> [Data for analysis]:
━━━━

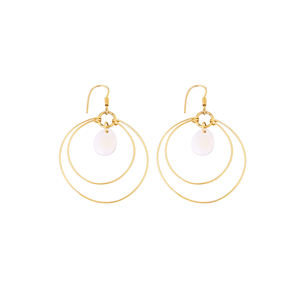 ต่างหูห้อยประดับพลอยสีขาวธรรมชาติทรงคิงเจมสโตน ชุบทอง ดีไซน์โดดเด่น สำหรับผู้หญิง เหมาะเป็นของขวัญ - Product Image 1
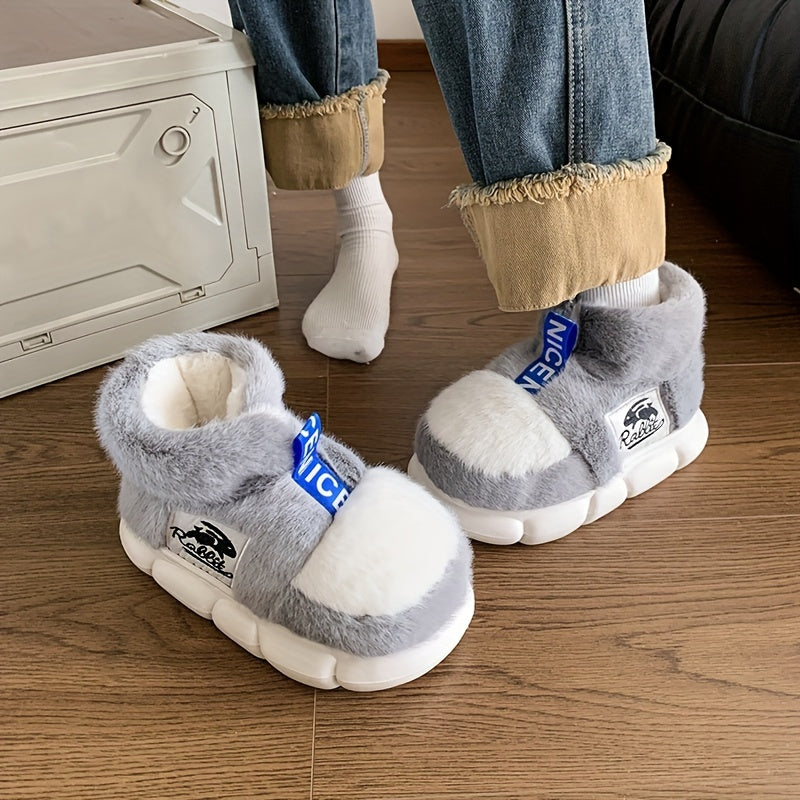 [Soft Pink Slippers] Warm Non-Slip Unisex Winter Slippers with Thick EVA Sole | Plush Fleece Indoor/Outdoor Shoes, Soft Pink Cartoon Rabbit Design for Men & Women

━━━━

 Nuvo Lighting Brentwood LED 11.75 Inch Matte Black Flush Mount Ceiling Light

━━━━

> [Task details]:
Set down word for word the lines above from the one with "Product Image 1" up to and including the one with "[Soft Pink Slippers]". Omit every picture.

> [Worked solution]:
 ต่างหูห้อยประดับพลอยสีขาวธรรมชาติทรงคิงเจมสโตน ชุบทอง ดีไซน์โดดเด่น สำหรับผู้หญิง เหมาะเป็นของขวัญ - Product Image 1
 [Soft Pink Slippers] Warm Non-Slip Unisex Winter Slippers with Thick EVA Sole | Plush Fleece Indoor/Outdoor Shoes, Soft Pink Cartoon Rabbit Design for Men & Women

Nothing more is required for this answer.